Bajgiel na Placu Niepodległości i mural na Rzgowskiej
Wszystkie osoby, które wyszły z domu bez śniadania, mogą zatrzymać się w Fabryce Śniadań przy Rzgowskiej 26/28, aby napić się kawy, zjeść bajgla lub szakszukę i zabrać ciacho na później.
Z naładowanymi bateriami warto wyruszyć w dalszą drogę ulicą Rzgowską. Pod numerem 34 znajduje się dawna łaźnia miejska. W międzywojniu mieszkańcy miasta mogli tu zażywać odprężających kąpieli. Wejście do zakładu kąpielowego było jednak płatne, ale niektóre instytucje zapewniały swoim pracownikom talony, uprawniające do korzystania z niego za darmo. W późniejszych latach, kiedy w Łodzi przybywało nowych osiedli mieszkaniowych, zainteresowanie łaźniami spadło.
Na ścianie kamienicy przy ul. Rzgowskiej 52 w ramach 3. edycji Festiwalu Galerii Urban Forms w 2013 r. powstał ultrakolorowy mural hiszpańskiego artysty o pseudonimie 3ttman. To malowidło warte zobaczenia i zrobienia sobie zdjęcia na tle barwnej ściany.
Tajemnicza wieża, Oskary i żuliki
Czy ktoś wspominał o jedzeniu? Jeśli tak, to Mikropiekarnia Okruchy (ul. Bednarska 2) na pewno przyciągnie do siebie aromatem świeżo wypiekanego pieczywa. Oprócz tradycyjnego łódzkiego żulika warto wybrać również żytni z ziarnami, włoską focaccię czy słodką drożdżówkę z owocami. Aktualna oferta i godziny otwarcia dostępne są na Facebooku – Okruchy Mikropiekarnia.
Dalej, pomiędzy ulicami Bednarską, Unicką, Sanocką i Dygasińskiego znajdziemy osiedle ZUS, które zostało zaprojektowane dla Zakładu Ubezpieczeń Pracowników Państwowych przez architektów z warszawskiej pracowni i zbudowane w latach 1930-1932. Ta modernistyczna zabudowa to przykład zerwania ze zbędnym przepychem i zdobnictwem na rzecz funkcjonalizmu.
Do charakterystycznych elementów osiedla należą: klatki schodowe typu galeria (do mieszkań wchodzi się z zewnętrznej galerii), ażurowe balkony czy rozległy park zaprojektowany przez Stefana Rogowicza, wizjonera zielonej Łodzi i założyciela kilkudziesięciu łódzkich parków.

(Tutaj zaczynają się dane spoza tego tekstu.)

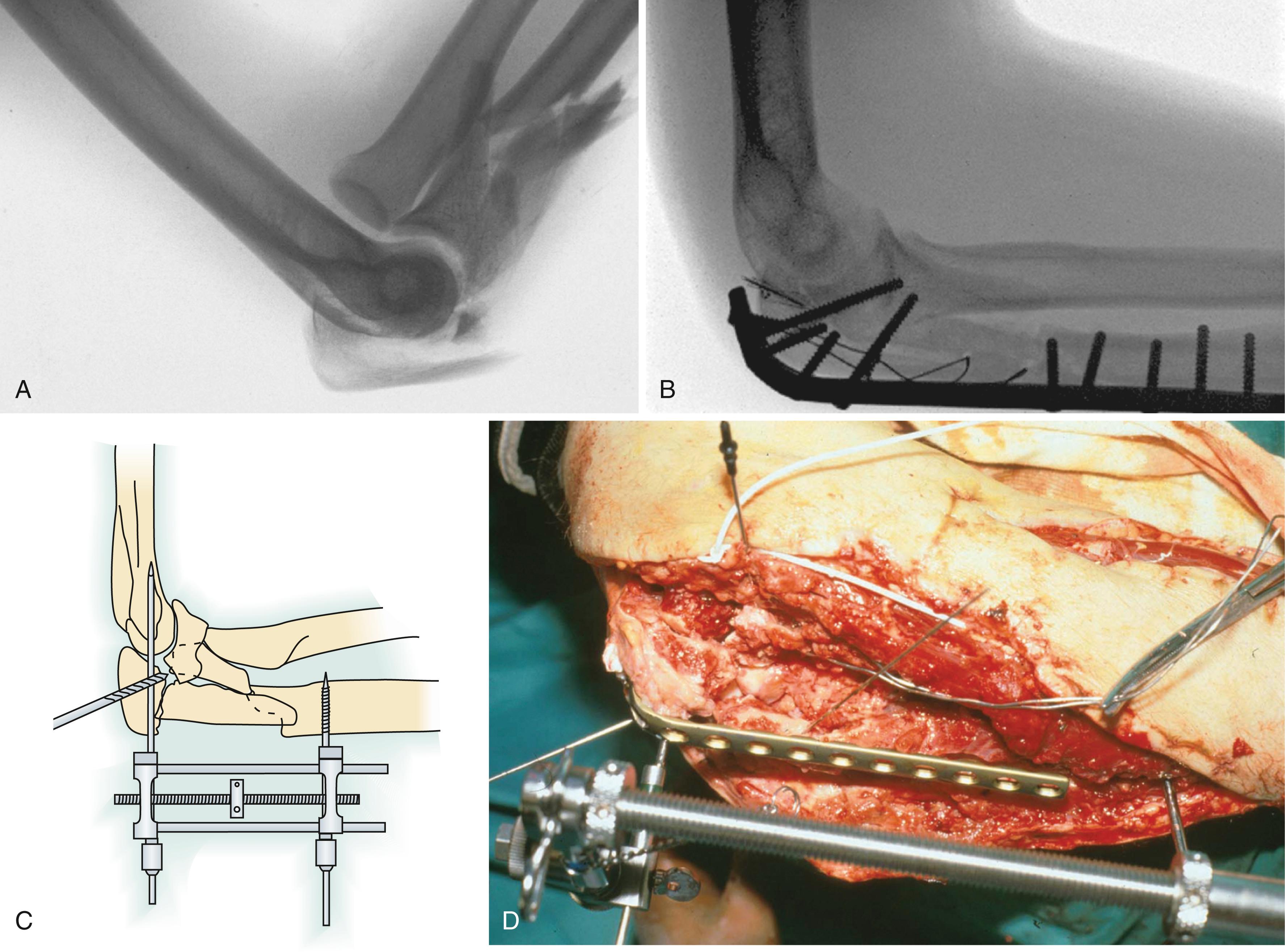 Fig. 20.7, Anterior (transolecranon) fracture-subluxation of the elbow. A, The forearm is displaced anteriorly with the radioulnar relationship relatively spared. The trochlea has imploded through the proximal ulna, creating a very complex fracture with a large coronoid fracture and comminution extending into the diaphysis. The collateral ligaments are usually not injured. B, A long contoured dorsal plate secures the relationship between the coronoid and olecranon processes (the contour and dimensions of the trochlear notch) and bridges the comminution. A tension wire engages the fragmented olecranon process. C, As described by Mast, an external fixator can assist with reduction and provisional fixation. D, The olecranon fragment is held to the trochlea with a stout smooth Kirschner wire. Distraction between this wire and a second distal wire helps realign the intervening fragments.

Bliżej ulicy Pabianickiej (ul. Bednarska 42) znajdziemy budynek, w którym przez wiele lat działało studio filmowe Se-Ma-For, zajmujące się produkcją animowanych filmów lalkowych i rysunkowych dla dzieci. Wśród słynnych realizacji można wymienić, m.in. „Misia Uszatka”, „Colargola” oraz „Przygody kota Filemona”. Za dwa tytuły: „Tango” oraz „Piotruś i wilk” studio zostało nagrodzone Oskarami.